Ainda aqui podem surgir duas questões, conforme o processo seja ou não urgente, podendo existir reenvio para o STA para que este emita pronúncia vinculativa (art.93.º/1) sobre o sentido da questão, tendo como objectivo, mais uma vez, uma jurisprudência uniforme mas aqui, ao nível nacional.
Com esta pronúncia vinculativa do STA, fica o TCA obrigado, na aplicação das normas aos factos submetidos a julgamento, a interpretar a norma a que se referiu o reenvio com o sentido que o STA lhe atribuiu. Se não o fizer, violará o art.93.º/1, podendo a decisão ser impugnada com esse fundamento.

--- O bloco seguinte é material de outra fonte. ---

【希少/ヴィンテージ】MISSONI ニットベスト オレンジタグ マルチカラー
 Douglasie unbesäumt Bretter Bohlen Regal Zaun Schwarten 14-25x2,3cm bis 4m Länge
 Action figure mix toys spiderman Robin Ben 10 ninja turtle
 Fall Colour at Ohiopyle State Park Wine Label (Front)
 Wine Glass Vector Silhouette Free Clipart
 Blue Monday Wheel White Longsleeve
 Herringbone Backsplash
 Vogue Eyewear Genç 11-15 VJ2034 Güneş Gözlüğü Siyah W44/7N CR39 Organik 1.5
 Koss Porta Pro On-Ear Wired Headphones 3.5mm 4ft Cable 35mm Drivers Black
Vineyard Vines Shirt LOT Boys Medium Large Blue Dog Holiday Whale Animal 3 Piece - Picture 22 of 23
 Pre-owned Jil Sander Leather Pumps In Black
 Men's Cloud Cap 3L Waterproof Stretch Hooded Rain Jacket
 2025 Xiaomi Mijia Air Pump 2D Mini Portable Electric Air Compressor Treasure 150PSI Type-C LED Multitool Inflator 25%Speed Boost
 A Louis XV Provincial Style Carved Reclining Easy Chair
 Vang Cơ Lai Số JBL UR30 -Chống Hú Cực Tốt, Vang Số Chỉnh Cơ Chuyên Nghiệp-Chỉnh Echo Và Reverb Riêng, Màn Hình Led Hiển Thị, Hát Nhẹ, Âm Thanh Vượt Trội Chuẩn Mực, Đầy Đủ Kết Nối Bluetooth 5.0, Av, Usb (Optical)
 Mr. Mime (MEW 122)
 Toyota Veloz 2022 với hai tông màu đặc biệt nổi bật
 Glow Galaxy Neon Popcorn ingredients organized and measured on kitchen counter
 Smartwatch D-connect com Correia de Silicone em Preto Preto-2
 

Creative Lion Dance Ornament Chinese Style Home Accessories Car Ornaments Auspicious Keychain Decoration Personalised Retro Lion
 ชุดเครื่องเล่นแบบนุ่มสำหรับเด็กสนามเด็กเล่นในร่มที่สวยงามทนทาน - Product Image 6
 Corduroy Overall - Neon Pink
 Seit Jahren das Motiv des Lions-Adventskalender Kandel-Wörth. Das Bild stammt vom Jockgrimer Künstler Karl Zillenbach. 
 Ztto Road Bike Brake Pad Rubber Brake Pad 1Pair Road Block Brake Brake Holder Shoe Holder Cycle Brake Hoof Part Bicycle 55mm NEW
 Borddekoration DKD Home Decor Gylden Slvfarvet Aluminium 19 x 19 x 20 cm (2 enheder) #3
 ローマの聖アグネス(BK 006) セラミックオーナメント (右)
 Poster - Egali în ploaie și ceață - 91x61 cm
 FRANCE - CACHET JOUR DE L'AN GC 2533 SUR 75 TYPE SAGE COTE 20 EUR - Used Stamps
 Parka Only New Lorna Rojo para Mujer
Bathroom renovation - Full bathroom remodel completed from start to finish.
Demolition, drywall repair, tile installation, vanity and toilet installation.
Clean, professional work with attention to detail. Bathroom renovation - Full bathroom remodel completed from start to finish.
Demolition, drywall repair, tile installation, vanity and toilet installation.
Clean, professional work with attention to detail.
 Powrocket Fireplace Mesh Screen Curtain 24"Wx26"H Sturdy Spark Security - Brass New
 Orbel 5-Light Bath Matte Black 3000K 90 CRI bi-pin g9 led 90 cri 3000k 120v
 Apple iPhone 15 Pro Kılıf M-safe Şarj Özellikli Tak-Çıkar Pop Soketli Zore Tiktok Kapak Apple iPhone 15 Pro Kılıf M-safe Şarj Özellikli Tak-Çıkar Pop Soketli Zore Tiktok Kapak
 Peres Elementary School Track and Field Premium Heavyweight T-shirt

Publicidade: A sentença ou acórdão são notificados às partes, sendo os acórdãos finais do STA e dos TCA publicados no DR.


 Ana Rita Pinto - 19488



[1] Para uma interessante apreciação do papel do Ministério Publico na tramitação da acção administrativa especial, cfr. [1] MÁRIO AROSO DE ALMEIDA, Manual de Processo Administrativo, Almedina, 2010, pp. 370 e ss, e JOSÉ VIEIRA DE ANDRADE, A Justiça Administrativa, pp.287.
[2] Como se sabe, na prática, esta fase ainda ocorre diminutas vezes nos Tribunais Administrativos portugueses, sendo o contencioso administrativo baseado, sobretudo, no processo administrativo.